- [Short descriptive text snippets]
┌──
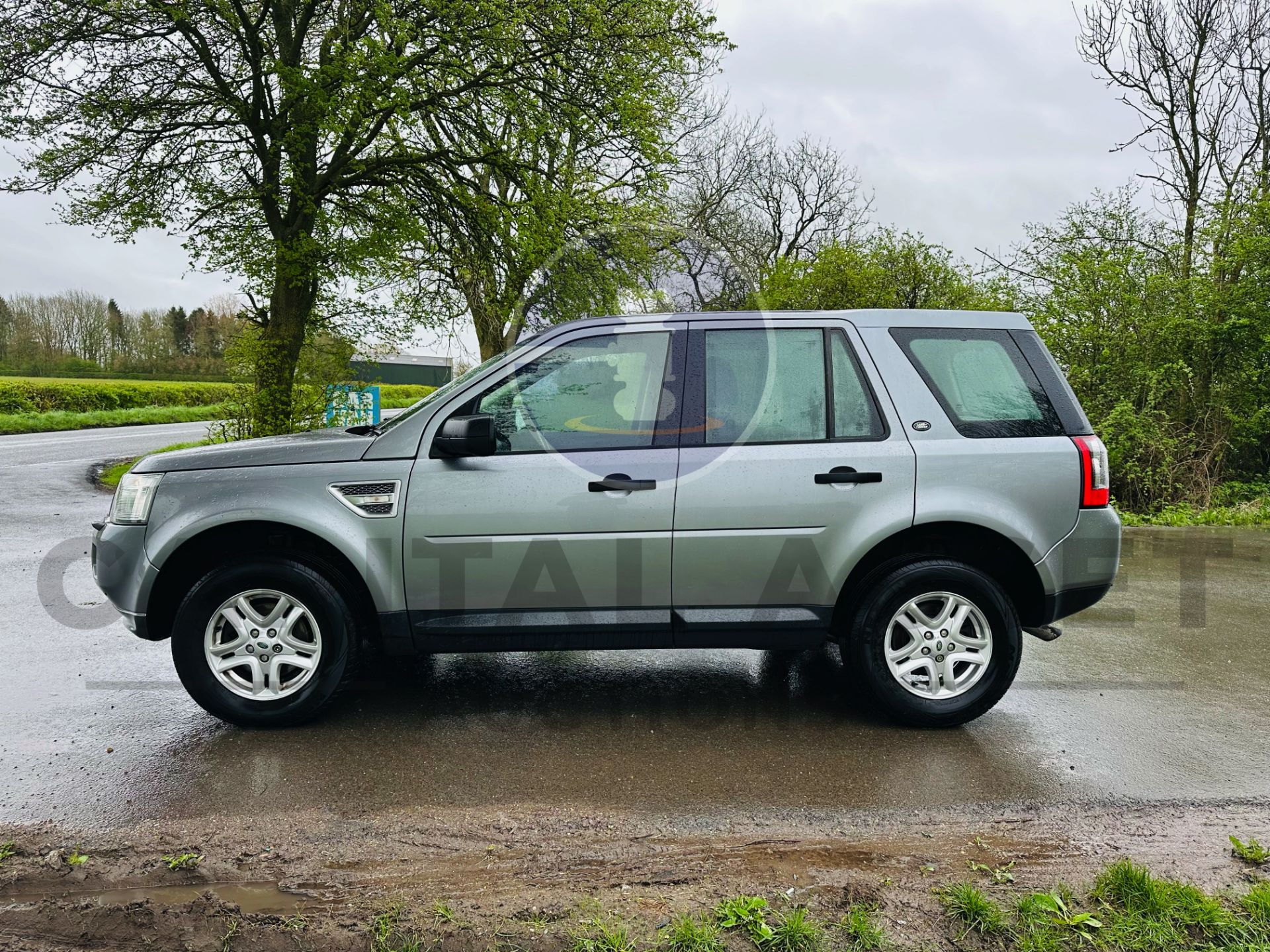 (ON SALE) LANDROVER FREELANDER 2.2TD4 S EDITION "AUTO - 2012 MODEL - AIR CON - FSH - Image 6 of 33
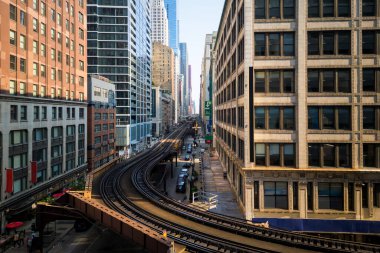 Chicago şehir merkezindeki yüksek binaların ortasındaki yerel metro raylarının hava görüntüsü.
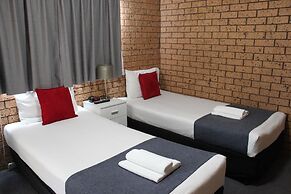 Golden Harvest Motor Inn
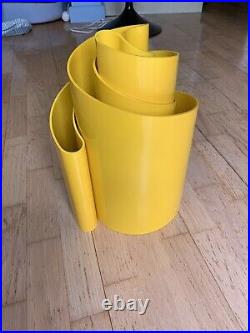 Rare Vintage Heller Giotto Stoppino Deda Yellow Plastic Vase MCM Pair/Set Of 2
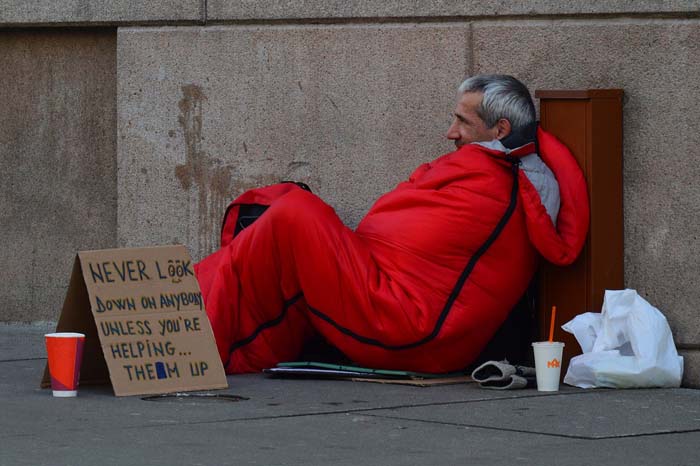 Сколько бездомных в Америке: правительство опубликовало отчет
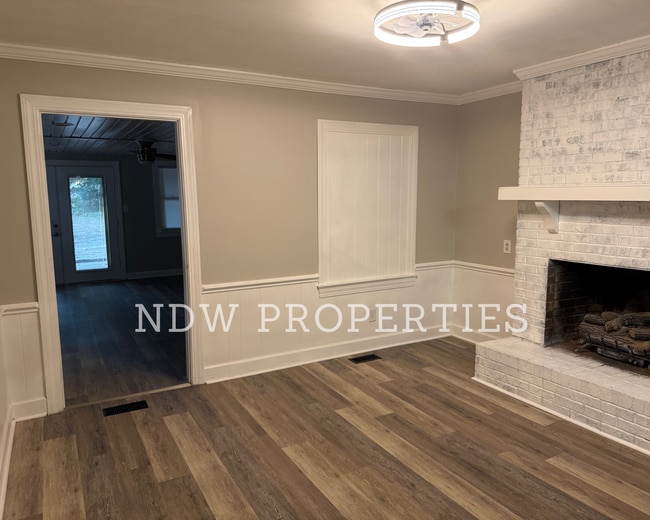 property at 3408 Greenbriar Dr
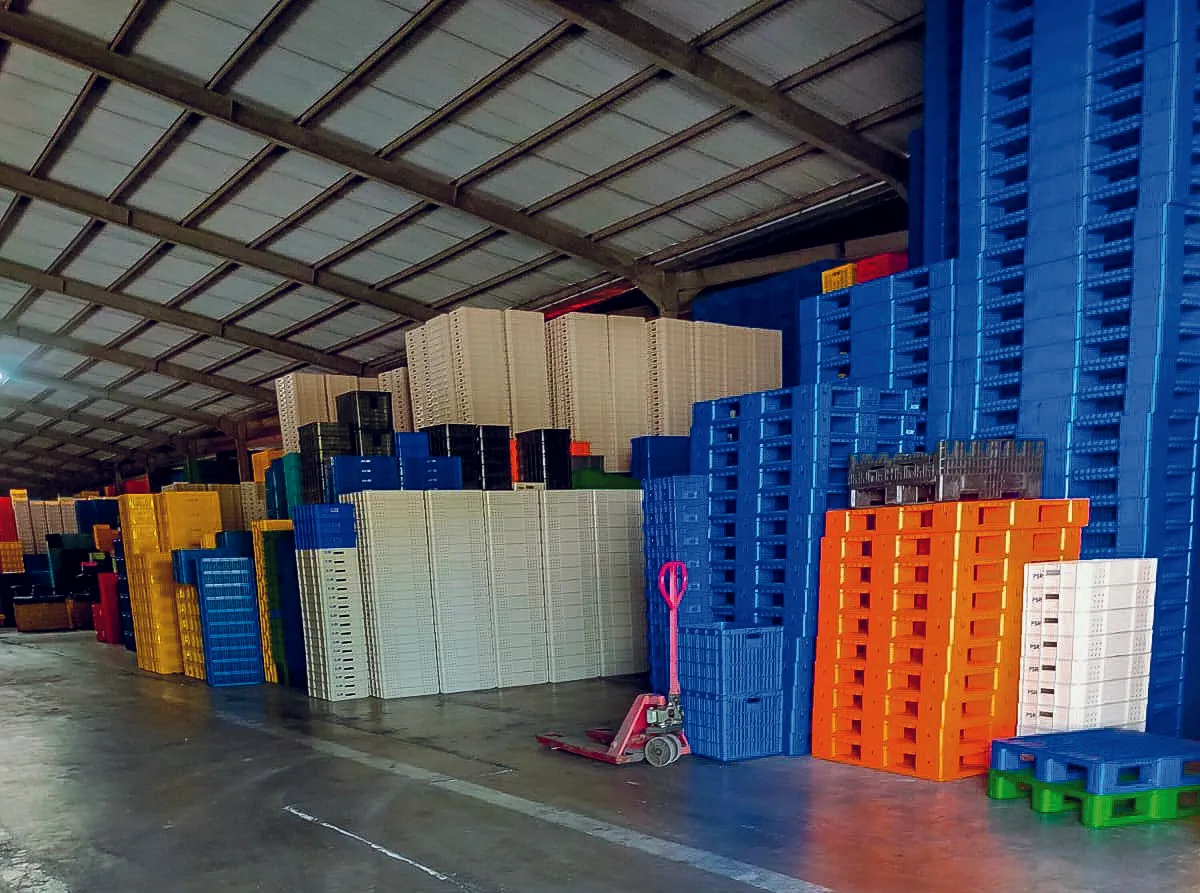 Area gudang dengan display polybox dan material handling Panama Abyudaya.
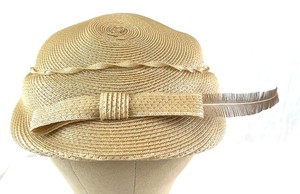 lot 104 image: Beige Straw Sun Hat & Feather Accent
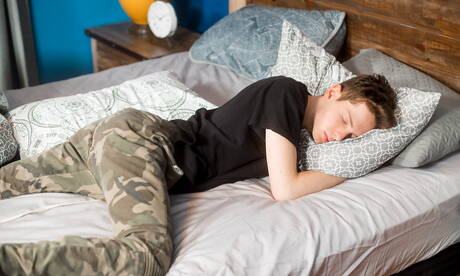 Pretty american guys young Zach Letoa and beautiful boy Riley Finch love spanking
└──
Leave every picture out and return exactly the lines from the one holding "lot 104 image: Beige" through the end of the records above, both ends included, and nothing more.

- [Exercise output]
 lot 104 image: Beige Straw Sun Hat & Feather Accent
 Pretty american guys young Zach Letoa and beautiful boy Riley Finch love spanking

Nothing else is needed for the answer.